Je ziet ze dagelijks voor de klas; docenten. En je hebt natuurlijk je mening klaar over wie goed is en wie niet. Heb je er ooit wel eens bij stilgestaan wat maakt dat een docent goed is?
Lesgeven is een vak apart. Je moet niet alleen goed zijn in je vakgebied, maar je moet het ook nog geloofwaardig over kunnen brengen, de klas aan je binden en zorgen voor rust. En dat terwijl 30 leerlingen eigenlijk geen zin in je les hebben. Ze gaan liever chillen.
En dan moet je ook nog een rolmodel zijn. De docent geeft het goede voorbeeld. Ontfermt zich over diegenen die het nodig hebben en bestraft anderen die de regels overtreden.

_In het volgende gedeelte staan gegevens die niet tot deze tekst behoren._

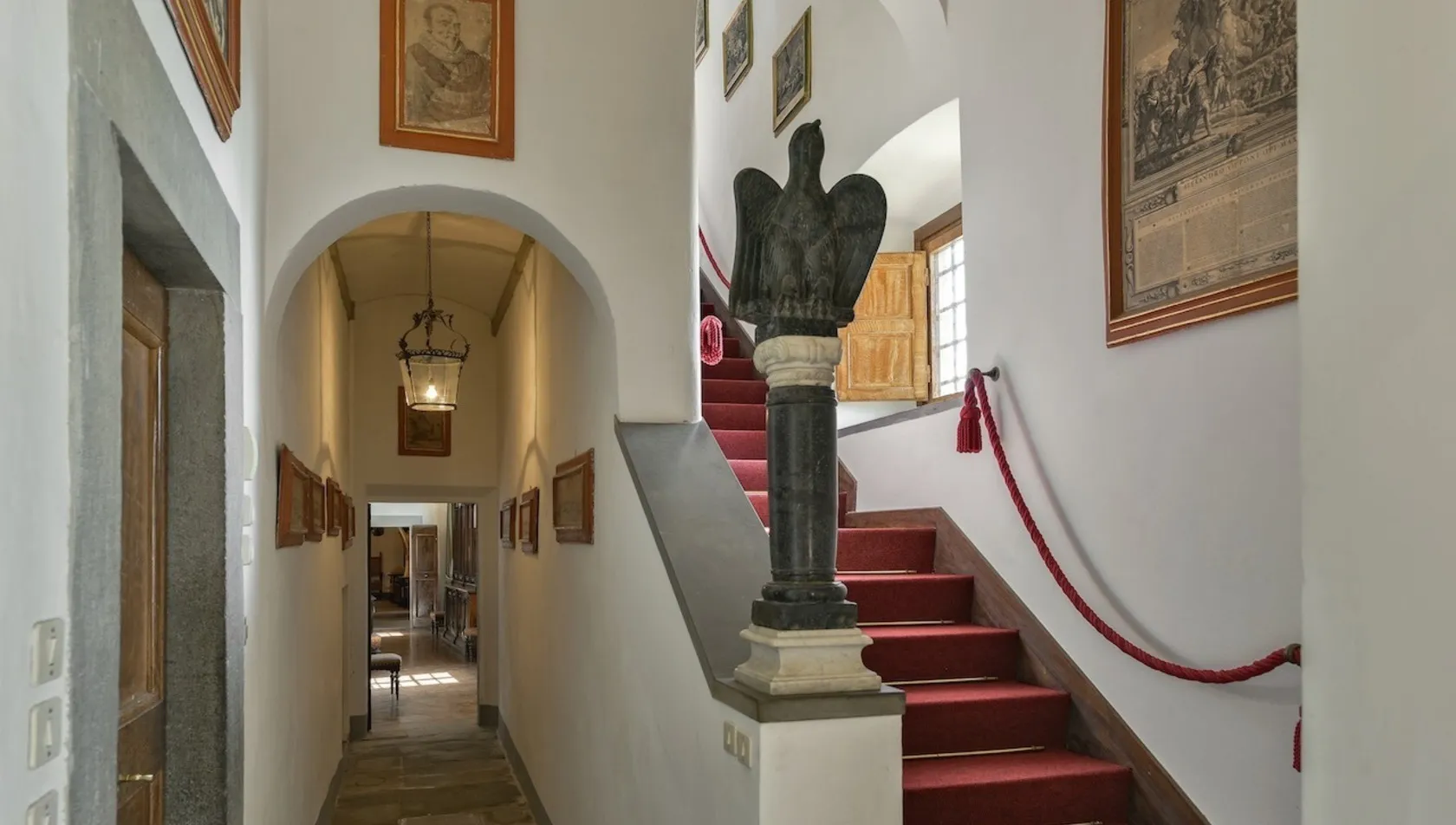 Stairs-01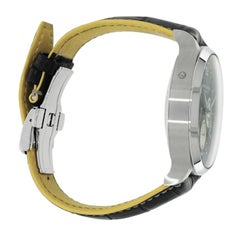 Baume & Mercier Capeland Shelby Cobra Chronograph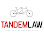 Tandem Law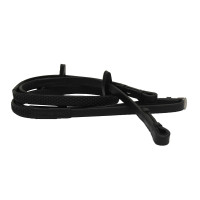 Redini Horseware Micklem Competition Nero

Niet alleen de regels in de klas, maar ook die op school en in de maatschappij. De eigen emoties mogen niet naar voren komen.
In dit klimaat geeft een docent les. Of het nu op in het basis of voortgezet onderwijs is. Een vakgebied waar je altijd bezig bent meerdere dingen tegelijkertijd. Kennis en vaardigheden overdracht, het uiterste uit iemand halen, de klas onder controle houden en een voorbeeld zijn. Na de les moeten lessen voorbereid worden en overlegd worden met andere docenten. Het werk is bijna nooit klaar. Maar als het allemaal lukt, dan heb je eer op je werk en iemand geholpen om zijn toekomst vorm te geven.
Het onderwijs kan je geven op verschillende scholen:
Basis Onderwijs: lesgeven aan de kinderen op de basisschool. Alle vakken aan 1 klas.
Voortgezet Onderwijs: lesgeven in 1 vak aan meerdere klassen per dag op vmbo, havo, vwo of mbo.